Solutions to Soil Problems: Soil Acidity

November 15, 2013|Print

Soil pH

         
  Rhododendrons are very tolerant of acid soils and grow best in soil with a pH between 4.5 and 5.5.
Photo credit: Uwe Fischer Flickr CC BY-NC-SA 2.0
 
 

  Influence of soil pH on the relative availability of plant nutrients in a typical mineral soil.
Image source: Chart of the Effects of Soil pH on Nutrient Availability
 

  Surface application of lime to a field. Plants should be irrigated after lime application to ensure the foliage is free of the amendment.
Photo credit: Dwight Sipler Flickr CC BY 2.0

Soil pH is a measure of the acidity or alkalinity (basicity) of a soil, and is reported as a value between 0 and 14. A soil test for pH measures the concentration of hydrogen ions in the soil solution.

A pH of 7.0 is considered neutral. A pH value below 7.0 indicates that the soil is acidic, with lower values representing increasing acidity. A pH value above 7.0 indicates that the soil is alkaline (basic), with higher values representing increasing alkalinity.

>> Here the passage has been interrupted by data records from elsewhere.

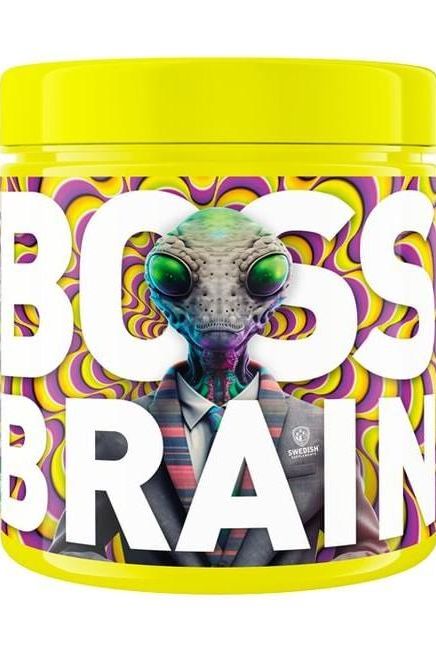 Bossbrain supplement jar with alien character, vibrant design for increased focus and energy, Swedish nutritional support.
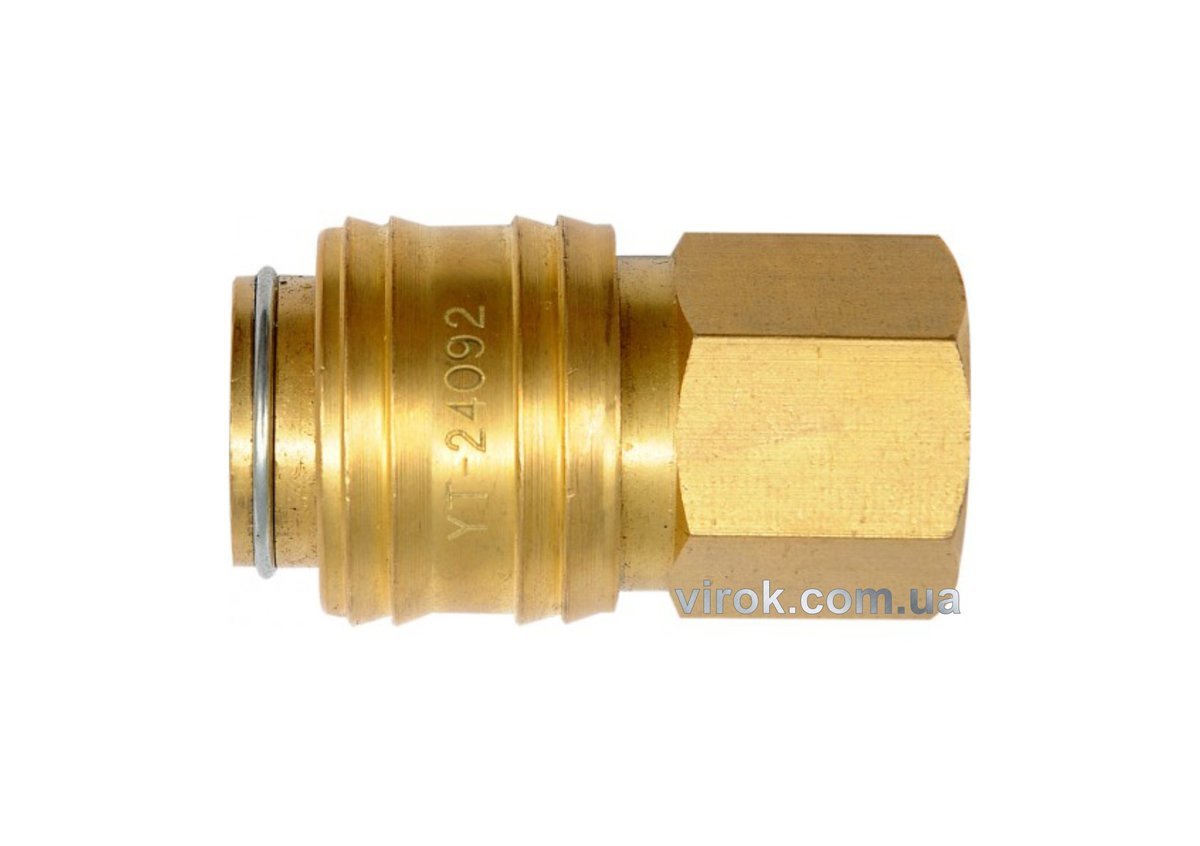 YATO Швидкознімне латунне з'єднання пневматичне YATO, Ø= 1/4" і внутр. різьбове Ø= 1/4"  | YT-24092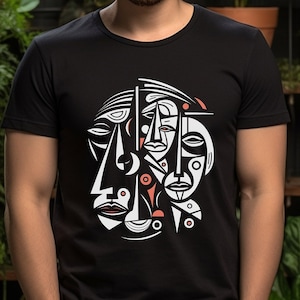 Black and White Abstract Portrait Art t-shirt, Cubist Art t-shirt,  Modern Art t-shirt - Black and White Portrait Art t-shirt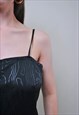 80S BLACK TANK TOP, VINTAGE ABSTRACT EVENING TOP
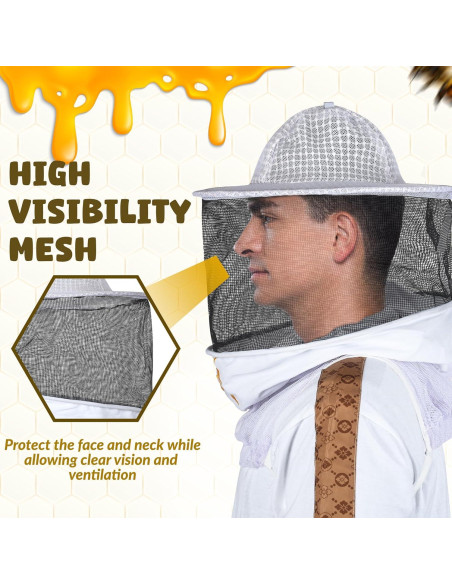 Velo de Apicultura BE Noble Ventilado 3 Capas Blanco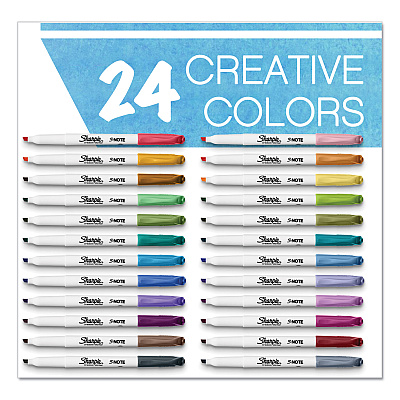 Sharpie S-Note Creative Markers, Assorted Ink Colors, Chisel Tip, Assorted Barrel Colors, 24/Pack (SAN2117330)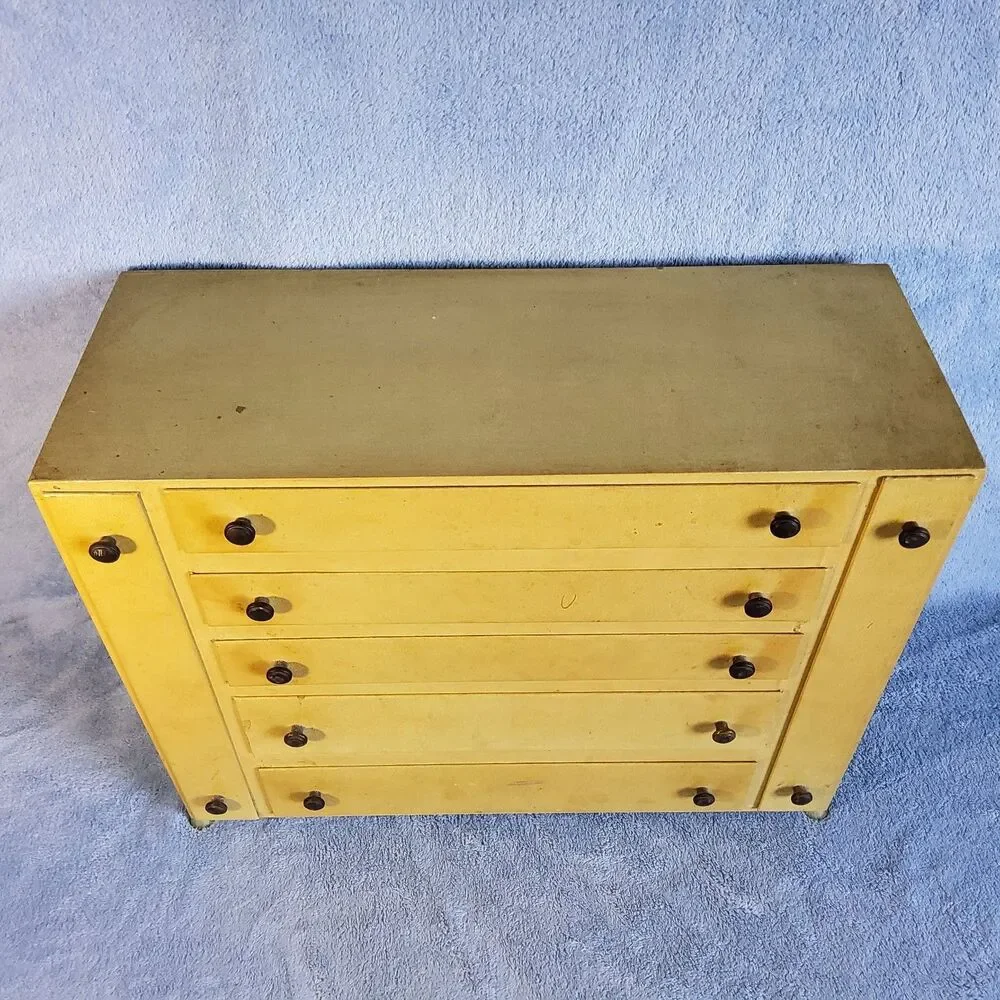 Vintage Wooden Yellow Dresser Jewelry Box 5 Drawer 2 Side Necklace Pull Out Door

The pH scale is logarithmic, so a change in 1 pH unit reflects a 10 fold change in acidity or alkalinity. On average, garden and landscape plants grow best in soils with pH values between 6.0 and 7.2.

Causes of Soil Acidity

Soil acidity can be caused by a number of factors:

  • Soils in areas with large amounts of rainfall tend to be acidic because the water leaches basic cations (calcium, magnesium, sodium, and potassium) out of the soil profile, and these cations are then replaced by acidic cations (hydrogen and aluminum).
  • Carbonic acid formed from carbon dioxide and water acidifies soils in high-precipitation areas.
  • Acidic soils tend to be high in iron and aluminum oxides, as they are the slowest minerals to weather in soil. Aluminum in these increasingly acidic soils is solubilized and will combine with water to release additional hydrogen ions (acidity).
  • The soil parent material (or mineral types from which the soil developed) can be a source of acidity in soils.
  • Nitrification of ammonium fertilizers yields hydrogen ions.
  • Acid rain contains nitric and sulfuric acid.
  • Added elemental sulfur oxidizes to form sulfuric acid.
  • Plants take up, and thus remove, basic cations from the soil.
  • Plant roots excrete hydrogen ions in exchange for nutrients in the soil.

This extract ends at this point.